# [Dataset excerpt]
####################

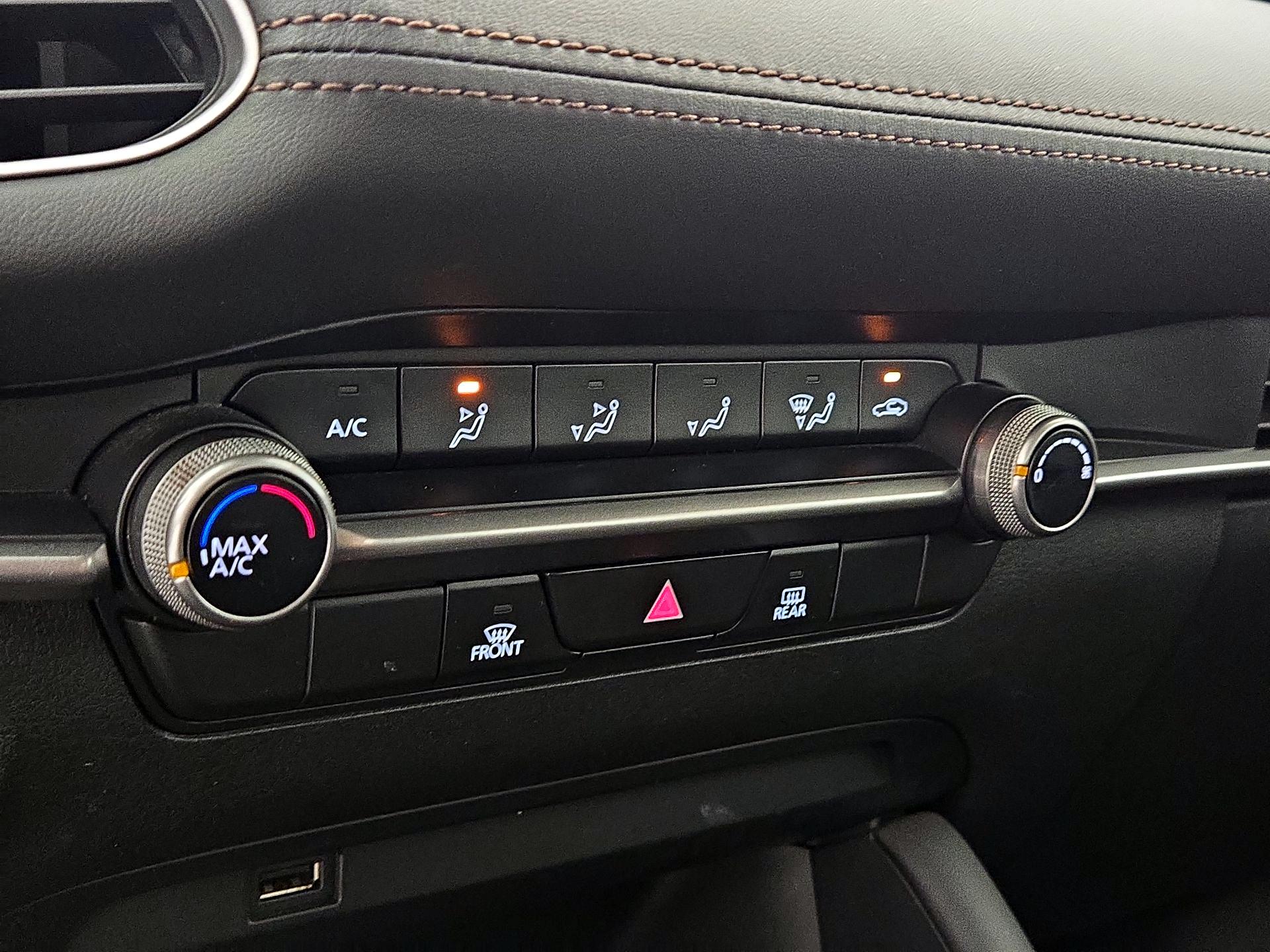Thumbnail: 2021 Mazda Mazda3 - 16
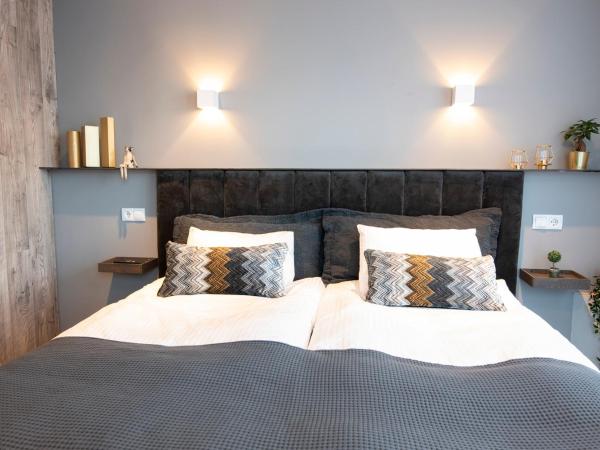 B14 Apartments & Rooms : photo 9 de la chambre chambre triple avec salle de bains privative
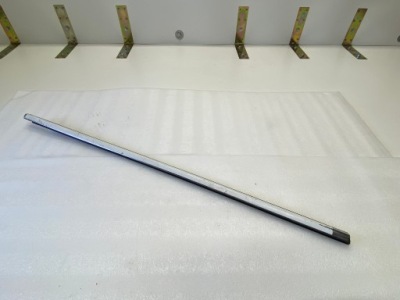 Молдинг ущільнювач перед правий vw golf vii фото №1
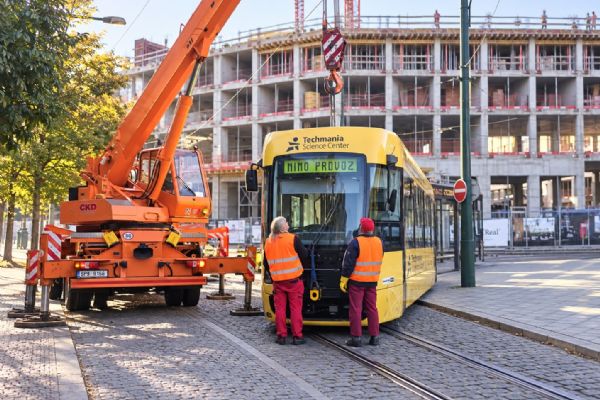 Dvě nehody tramvají během jednoho rána. Na Anglickém nábřeží se srazily, U Zvonu jedna vykolejila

####################

# [Activity]
Line by line and exactly, reproduce the span from the line with "B14 Apartments &" through the end of the data above, both ends included, with pictures left out.

# [Output for this exercise]
 B14 Apartments & Rooms : photo 9 de la chambre chambre triple avec salle de bains privative
 Молдинг ущільнювач перед правий vw golf vii фото №1
 Dvě nehody tramvají během jednoho rána. Na Anglickém nábřeží se srazily, U Zvonu jedna vykolejila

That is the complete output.